Thursday 14 November 2013

Police centralisation process criticised by Audit Scotland

Today’s Audit Scotland report finds that the Scottish Police Authority and Police Scotland face continuing challenges in delivering the savings required. In particular, their limited flexibility in managing police officer and staff numbers. That’s polite auditor criticism of the political police officer target imposed on Police Scotland.
The report also confirms some key UNISON criticisms of the process leading up to the centralisation of Scotland’s police forces.
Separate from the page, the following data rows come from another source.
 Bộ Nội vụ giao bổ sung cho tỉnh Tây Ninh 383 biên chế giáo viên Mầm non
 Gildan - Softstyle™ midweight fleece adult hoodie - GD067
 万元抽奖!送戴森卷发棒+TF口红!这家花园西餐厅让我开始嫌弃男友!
In particular, that the savings estimates were based on an Outline Business Case that has never been updated or moved on to a Full Business Case.
“Both KPMG and PwC highlighted significant 
concerns about financial management in addition to the issues identified by the gateway reviews. 
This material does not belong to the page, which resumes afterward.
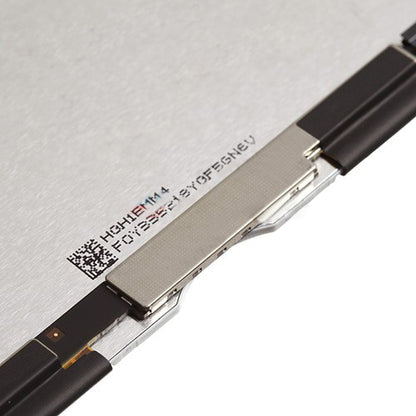 LCD Screen and Digitizer Assembly Repair Part for iPad 9.7-inch (2018) / Air (2013) / iPad 9.7-inch (2017)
A number of recommendations from these reviews were not fully implemented, including the gateway review recommendation to update and use the business case to test the validity and realism of programme assumptions.”
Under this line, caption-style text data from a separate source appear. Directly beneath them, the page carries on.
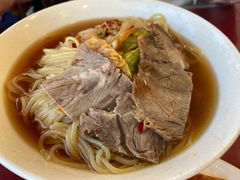 -西塔大冷面(市府大路店)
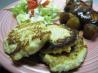 Cauliflower Patties. Recipe by Studentchef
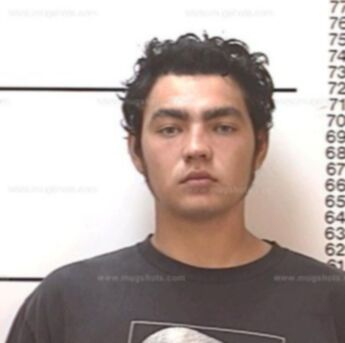 Mitchell Phillip Mercurio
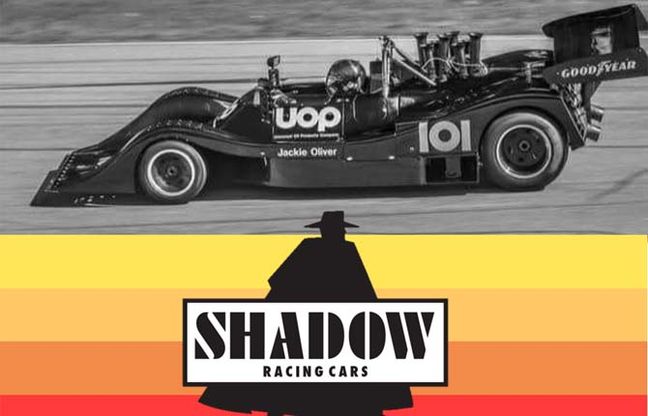Ritorna il marchio Shadow, protagonista negli anni Settanta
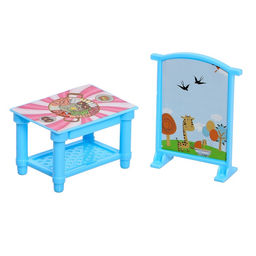 Дом для кукол «Зимний дворец» с куклой, питомцами и аксессуарами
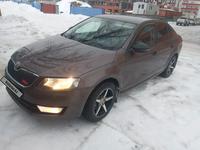 Skoda Octavia 2013 года за 5 450 000 тг. в Актобе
In addition, the report highlights the confusion over the roles of the SPA and Police Scotland - a confusion that was played out in public over many months. UNISON Scotland drew attention to the potential for conflict, given the lack of clarity, while the Bill progressed through Parliament.
The report says:
“There were a number of areas of tension, including:
·   different interpretations of the Act, the Scottish Government’s intention behind the Act, and what this meant for the role of the SPA in terms of ‘maintaining’ the police service
·   the lack of good baseline information on non-operational police activity; in particular, the lack of comprehensive financial information to identify how savings outlined in the OBC would be achieved
·   a lack of shared understanding and expectations over what effective scrutiny of the police service looked like in practice
·   the Scottish Government’s changing position over the way the SPA should operate.”
The report goes on to express concern that a number of governance issues still need to be progressed.
This report articulates what everyone close to the process knows. This was a badly planned and rushed centralisation of a vital public service, with flawed legislation and a confused governance structure. The estimated savings were optimistic and more importantly, not worked up in sufficient detail. Add to all that political targets on police officer numbers that makes a nonsense of the statutory duty of Best Value.

Huge challenges remain, but even at this stage it would help if the Scottish Government stopped its political interference and allowed Police Scotland to adopt a balanced workforce.